José Carlos Pereira, 22.07.11

Nos últimos dias a questão das incompatibilidades relacionadas com o exercício de cargos públicos voltou a estar na ordem do dia. Veio a novel associação cívica Transparência e Integridade denunciar o elevado número de deputados que, na legislatura anterior, estavam ligadas a empresas públicas ou a empresas privadas de obras públicas, assim como a grande quantidade de advogados ligados a sociedades que mantêm relações com o Estado. Também o bastonário da Ordem dos Advogados tinha defendido anteriormente que os deputados eleitos para a Assembleia da República deveriam suspender a sua actividade profissional, como forma de evitar sobreposição de interesses.

Esta matéria da transparência e das incompatibilidades merecia, de facto, ser vista com todo o cuidado e rigor, de uma vez por todas. A verdade é que, entre a muita legislação criada para o efeito, não faltam alçapões. Uns maiores e outros mais pequenos, em função do respectivo patamar de exercício do poder. Exige-se que os partidos políticos olhem para esta questão de forma global e transversal, antes de legislarem sobre o transvase de pessoas e interesses entre o público e o privado.

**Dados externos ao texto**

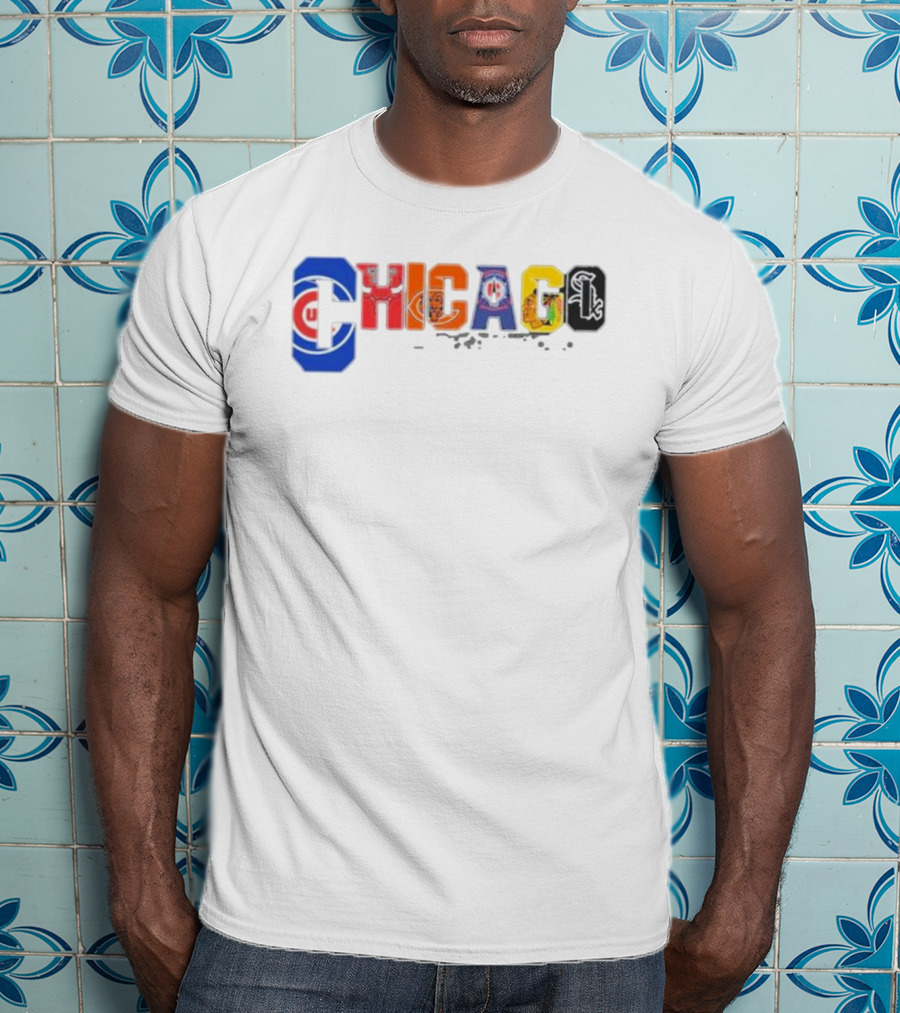 Chicago Sports Teams Logos Collage T-Shirt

A título de exemplo, um amigo viu-se obrigado, há poucas semanas, a declinar um convite para chefe de gabinete de um secretário de Estado do actual Governo pelo facto de ser sócio de uma pequena empresa que presta serviços a algumas autarquias. Não quis fazer uma “alienação à medida” para ficar a salvo dessa incompatibilidade. Fez bem. Conheço, no entanto, o caso de um chefe de gabinete de outro secretário de Estado que estava em condições semelhantes, mas que deve ter recorrido à venda da sua participação empresarial a “amigos convenientes”, para poder assumir o lugar. É conforme a vontade do freguês...

A lei vai estabelecendo limites, como é sabido, mas deixa algumas situações completamente no vazio. Recorrendo ainda a casos com que me deparei na minha experiência autárquica, continua a ser possível que deputados municipais sejam fornecedores do município e concorram com as suas empresas a obras públicas promovidas pela autarquia. Ou seja, participam em decisões, aprovam orçamentos e contas e fiscalizam a actividade do executivo autárquico que decide adjudicações às suas próprias empresas. Denunciei casos destes e reclamei contra essas atitudes, mas vejo hoje que de nada valeu. Não há crime, pelo que tudo compensa.

Há ainda um longo caminho a percorrer, mas espero, sinceramente, que os ventos da troika possam conduzir à adopção de regras mais apertadas no domínio das incompatibilidades.